L’exposition de Beaubourg permet surtout de suivre en continu et sans ellipses la progression du peintre, dans des compositions invariablement grandes et ambitieuses, depuis le groupe expressionniste du Blaue Reiter au début du siècle, jusqu’à sa fuite du nazisme en France. Sans compartimentation, impossible de discerner de légendaire et fallacieuse phase de déclic ou d’aboutissement. S’il peut se trouver un peu perdu, dans un premier temps, dans cet immense labyrinthe blanc dont l’ouverture, malgré la chronologie passablement respectée, projette à sa vue des toiles de styles très différents, où l’espace ne cesse d’être pulvérisé puis réorganisé, en revanche le visiteur ne peut que se réjouir d’entendre des échos de figuration dans les toiles les plus parfaitement abstraites, de lire les plus figuratives comme des compositions abstraites.

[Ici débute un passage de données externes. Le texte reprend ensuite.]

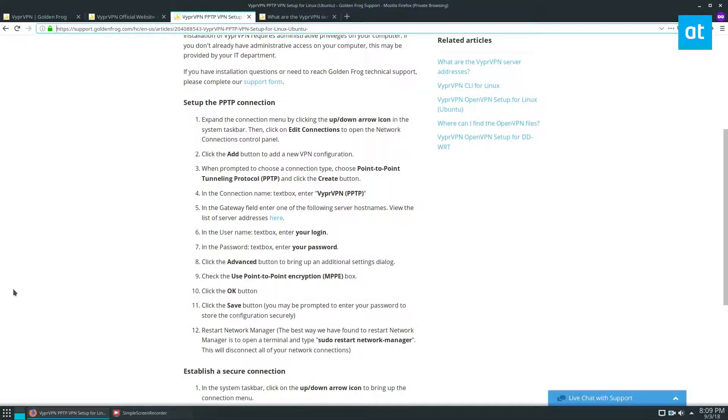Hello everybody, Derek here from Addictive Tips, and in this video we are getting VyprVPN working on Linux.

L’approche des commissaires rend ainsi hommage à un œuvre résolument unifié. Car malgré son effort constant de réduction à une synthèse des formes, la peinture de Kandinsky est en effet traversée par une identité picturale de traits, de formes et surtout de couleurs, assez évidente. Exception faite de la dernière période, aux accents pop avant la lettre, qui se distingue un peu dans la visite proposée.

Fête de la peinture
Mais si un même esprit semble diriger les visions du folklore russe des débuts, les abstractions musicales, et enfin les Improvisations et Impressions qui semblent faire passerelle entre elles, c’est surtout parce que leur entremêlement et leur confrontation exaltent la similitude de leurs démarches.

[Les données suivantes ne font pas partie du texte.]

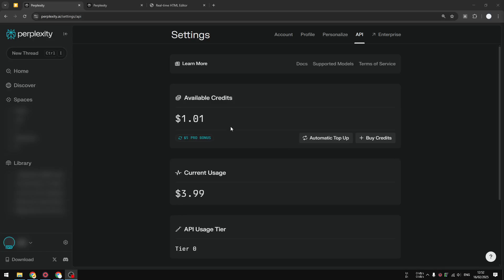If you are subscribing to the Perplexity Pro subscription but not using the five dollars of free credits for Perplexity API, then you are missing out. This API key from Perplexity is very useful. You can essentially create your own chatbot, adjust the temperature, adjust the token, and adjust the model that is being used.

Éloignées du cadre charmant du Lenbachhaus munichois qui souligne les aspects décoratifs des premiers expressionnistes, les scènes russes explosent comme des festivals de couleurs, dont l’organisation des formes vise moins à raconter une histoire qu’à composer une partition de rythmes et de contrastes, chaque signe ayant une valeur sensuelle réciproque, comme les barques, arcs et ovales des toiles abstraites.
À l’inverse, les formes lyriques plus tardives semblent entretenir le même type de tensions, jouir de la même immanence mystique que les personnages des « icônes » kandinskiennes. Paradoxalement, la jouissance intellectuelle que provoque une démonstration d’évolution picturale aussi intuitive et accessible n’empêche donc pas de laisser tomber cartels et biographies pour s’abandonner à une fête de la peinture et de l’inventivité, qui associe les collections majeures du Centre Pompidou, de la Städtische Galeire im Lenbachhaus et du Solomon R. Guggenheim Museum de New-York.

Julien Lambert

Exposition jusqu’au 10 août, Centre Pompidou, tlj sauf mardi de 11h à 21h.